Renormalized quantities are guaranteed to be
finite, but the divergences are certainly not 
guaranteed to leave no trace.  

The intimate relation between
$SO(3,1)$ and $SL(2,C)$ requires us
to continue our Dirac space into
$d$ dimensions as well.  The smallest dimensionality
in which we can find $d$ $\gamma$-matrices which
satisfy the 
Clifford algebra
\begin{equation}
\left\lbrace \gamma^\mu,\gamma^\nu\right\rbrace=2g^{\mu\nu}
\end{equation}
is $2^{d/2}\times2^{d/2}$, so we should
modify the normalizations
\begin{eqnarray}
\gamma^\mu\gamma_\mu&=&d\\
{\rm Tr}\;{\bf 1}&=&2^{d/2}\;\; .
\label{tracenorm}
\end{eqnarray}
Since the trace appears in all amplitudes,
it constitutes an overall factor.  As such, it can
be {\it chosen} not to leave a residue 
by including its effects with the ultraviolet
divergence (along with the $\gamma_E$ and $\log4\pi$
in the $\rm\overline{MS}$ scheme, for example).  For this
reason, people usually just take ${\rm Tr}\;{\bf 1}=4$.

In addition to the above changes,
we must somehow make a connection between 
the $d$-dimensional {\it Euclidean}
space our integrals are defined in and the 
$d$-dimensional {\it Minkowskii}
space in which our theory is defined.
The simple solution to this is 
to rotate our energy integration axis
90$^\circ$ in its complex plane.  This has
the effect
\begin{eqnarray}
k^0\rightarrow ik^0_E\\
k^2\rightarrow-k_E^2\;\; .
\end{eqnarray}
Since we have constructed
our propagators to have a well-defined pole
structure, 
this rotation can be justified for our Feynman integrals
by Cauchy's theorem.\footnote{We can perform
this shift provided we don't cross any poles in the
process.  One can check explicitly that this
leads to no problems here, unless one quantizes
the theory in axial gauge with a pathological
prescription for the spurious singularities.  See
Section 1.6.}  All we must do is
keep track of the sign and the factor of $i$.
At the end of the calculation, we simply rotate
back to obtain amplitudes with physical momenta.

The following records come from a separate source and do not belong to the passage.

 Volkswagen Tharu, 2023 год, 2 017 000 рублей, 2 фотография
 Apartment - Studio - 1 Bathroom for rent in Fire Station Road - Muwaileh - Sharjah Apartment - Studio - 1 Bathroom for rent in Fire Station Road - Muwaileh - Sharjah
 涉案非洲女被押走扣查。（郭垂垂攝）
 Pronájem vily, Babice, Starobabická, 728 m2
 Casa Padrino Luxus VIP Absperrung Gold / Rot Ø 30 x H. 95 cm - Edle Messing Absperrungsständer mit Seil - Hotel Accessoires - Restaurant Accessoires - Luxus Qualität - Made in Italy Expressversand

Unfortunately, all of the sectors of our
theory are not so readily expressed in 
$d$ dimensions.  One can trace all of the 
difficulties to the Levi-Cevita tensor,
$\epsilon^{\mu\nu\alpha\beta}$.
Looking back at its definition (\ref{ep}),
we see that this object appears because
of the relation between the determinant of 
$\Lambda$ and its components.  A similar object 
can be defined in $n$ dimensions
as a totally antisymmetric $n$-index tensor.
Its invariance is based on its equal treatment
of {\it all} of the dimensions of our
space.  We have no analogue of this
in $d$ dimensions.  Mathematicians tell
us that if we {\it really} want to take
a non-integer-dimensional space seriously,
its vectors will have an infinite number
of components,\footnote{some discussion 
can be found in \cite{colren}.} an infinite
number of which vanish as $d$ 
approaches a positive integer.
Since we do not intend to introduce 
tensors with an infinite number of
indices into our calculations (and have no idea
how we would if we did intend!), we cannot
determine a definition for $\epsilon$ 
in our dimensionally regularized theory.
As before, this means that we are 
free to define one however we wish, {\it provided that
it is consistent}.\footnote{It also should not do
irreparable damage to Lorentz invariance.}
  Our studies of renormalization
in Section \ref{renincov} imply that we
can choose whatever regularization scheme 
we want, as long as we stick with our scheme 
once it is chosen.  The most obvious choice
is simply to keep the four-dimensional definition.  This
carries the price of breaking the full rotational
symmetry of the $d$-dimensional theory, but
it is difficult to imagine a definition that 
will not.  

When products of two $\epsilon$ tensors
appear, we can pretend not to break the symmetry 
by eliminating the $\epsilon$'s via
\begin{equation}
\epsilon^{\mu\nu\alpha\beta}\epsilon_{\lambda\rho\sigma\tau}
=-\delta^{\mu}_\lambda\delta^\nu_\rho\delta^\alpha_\sigma
\delta^\beta_\tau\;\; + \;\; {\rm permutations}\;\; .
\label{redep}
\end{equation}
Once we have everything in terms
of $\delta$'s, (\ref{gind}) makes us feel like we are
truly working in $d$ dimensions.  
However, the reduction identity
(\ref{redep}) is derived in four dimensions
by working out the implications of the statement, ``If the 
product of two epsilons is not zero, then 
each index on one must have a twin on the other.''.  
This statement is obviously not generalizable
to $d$ dimensions.  On the other hand, one can use 
(\ref{redep}) to define an $\epsilon$ scheme.
This option is described extensively in \cite{gamma1}.
Yet another scheme which considers 
$\epsilon$ a totally antisymmetric tensor 
with four indices in the full $d$-dimensional space
has been brought forth in connection with a 
non-associative Dirac-Clifford algebra \cite{okubo}.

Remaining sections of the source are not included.